Nothing may be left out or changed. Print every entry.

• Short descriptive text snippets:
# # #
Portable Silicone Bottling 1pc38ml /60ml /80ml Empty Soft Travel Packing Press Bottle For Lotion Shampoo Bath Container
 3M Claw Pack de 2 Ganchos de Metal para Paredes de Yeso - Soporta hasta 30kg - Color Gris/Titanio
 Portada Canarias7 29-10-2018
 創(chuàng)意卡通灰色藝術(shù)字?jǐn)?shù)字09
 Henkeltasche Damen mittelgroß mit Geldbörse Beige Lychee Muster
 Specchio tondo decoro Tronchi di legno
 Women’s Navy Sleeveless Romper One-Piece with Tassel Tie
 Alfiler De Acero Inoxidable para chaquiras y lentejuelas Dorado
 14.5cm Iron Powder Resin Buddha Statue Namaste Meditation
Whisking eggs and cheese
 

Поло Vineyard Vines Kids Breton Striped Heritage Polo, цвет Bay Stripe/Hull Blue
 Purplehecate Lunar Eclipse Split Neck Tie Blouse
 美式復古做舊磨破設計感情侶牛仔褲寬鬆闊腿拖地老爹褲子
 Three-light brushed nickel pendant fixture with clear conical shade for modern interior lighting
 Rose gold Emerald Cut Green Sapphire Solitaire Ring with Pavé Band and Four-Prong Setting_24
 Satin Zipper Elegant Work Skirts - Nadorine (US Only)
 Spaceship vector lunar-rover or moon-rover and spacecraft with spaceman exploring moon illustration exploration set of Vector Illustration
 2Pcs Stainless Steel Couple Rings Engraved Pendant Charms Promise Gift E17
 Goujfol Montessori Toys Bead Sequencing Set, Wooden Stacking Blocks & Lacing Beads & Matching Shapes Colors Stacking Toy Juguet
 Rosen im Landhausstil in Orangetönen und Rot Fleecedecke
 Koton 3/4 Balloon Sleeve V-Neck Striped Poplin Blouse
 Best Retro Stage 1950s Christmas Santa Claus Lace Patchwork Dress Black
# # #
• Solution:
Portable Silicone Bottling 1pc38ml /60ml /80ml Empty Soft Travel Packing Press Bottle For Lotion Shampoo Bath Container
 3M Claw Pack de 2 Ganchos de Metal para Paredes de Yeso - Soporta hasta 30kg - Color Gris/Titanio
 Portada Canarias7 29-10-2018
 創(chuàng)意卡通灰色藝術(shù)字?jǐn)?shù)字09
 Henkeltasche Damen mittelgroß mit Geldbörse Beige Lychee Muster
 Specchio tondo decoro Tronchi di legno
 Women’s Navy Sleeveless Romper One-Piece with Tassel Tie
 Alfiler De Acero Inoxidable para chaquiras y lentejuelas Dorado
 14.5cm Iron Powder Resin Buddha Statue Namaste Meditation
Whisking eggs and cheese
 

Поло Vineyard Vines Kids Breton Striped Heritage Polo, цвет Bay Stripe/Hull Blue
 Purplehecate Lunar Eclipse Split Neck Tie Blouse
 美式復古做舊磨破設計感情侶牛仔褲寬鬆闊腿拖地老爹褲子
 Three-light brushed nickel pendant fixture with clear conical shade for modern interior lighting
 Rose gold Emerald Cut Green Sapphire Solitaire Ring with Pavé Band and Four-Prong Setting_24
 Satin Zipper Elegant Work Skirts - Nadorine (US Only)
 Spaceship vector lunar-rover or moon-rover and spacecraft with spaceman exploring moon illustration exploration set of Vector Illustration
 2Pcs Stainless Steel Couple Rings Engraved Pendant Charms Promise Gift E17
 Goujfol Montessori Toys Bead Sequencing Set, Wooden Stacking Blocks & Lacing Beads & Matching Shapes Colors Stacking Toy Juguet
 Rosen im Landhausstil in Orangetönen und Rot Fleecedecke
 Koton 3/4 Balloon Sleeve V-Neck Striped Poplin Blouse
 Best Retro Stage 1950s Christmas Santa Claus Lace Patchwork Dress Black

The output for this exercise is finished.